I’m running into an issue with the onnx conversion of the ImageScaler Operation. The Onnx operator has 2 attributes ‘scale’ (single scalar value) and ‘bias’ (list of values, one per channel of ImageScaler input) nnvm/frontend/onnx.py is converting this into two operators, mul_scalar and broadcast_add.
nnvm/frontend/onnx.py:
284 class ImageScaler(OnnxOpConverter):
285
286 @classmethod
287 def _impl_v1(cls, inputs, attr, params):
288 channelScale = attr['scale']
289 bias_attr = attr['bias']
290 bias = SymbolTable().new_const(np.array(bias_attr).reshape([3, 1, 1]))
291 scaledChannel = _sym.__mul_scalar__(inputs[0], scalar=channelScale)
292 ret = _sym.broadcast_add(scaledChannel, bias)
293 return ret
The problem i’m having is i believe line 290 causes the nnvm.frontend.from_onnx(model) to create another variable named ‘_param_1’. If i don’t supply this in the input_shape_dict when calling nnvm.compiler.build() I will get an error.

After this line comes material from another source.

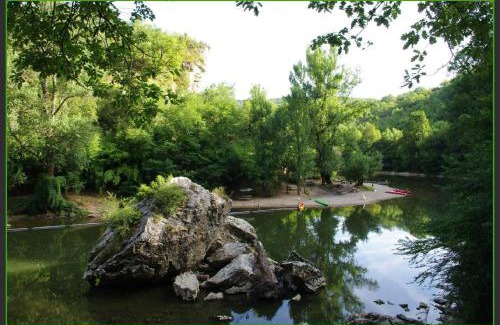 Saint-Antonin Noble Val Bed & Breakfast | la prade basse 82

In addition the 2nd parameter from ‘from_onnx’ return value (which should be parameters) is empty, so when creating the runtime, even if i add to input_shape_dict a shape for ‘_param_1’ it’s value is not properly initialized and (I believe this is the reason) I get non-deterministic results for this graph.
Any ideas how I should change the ImageScalar converter?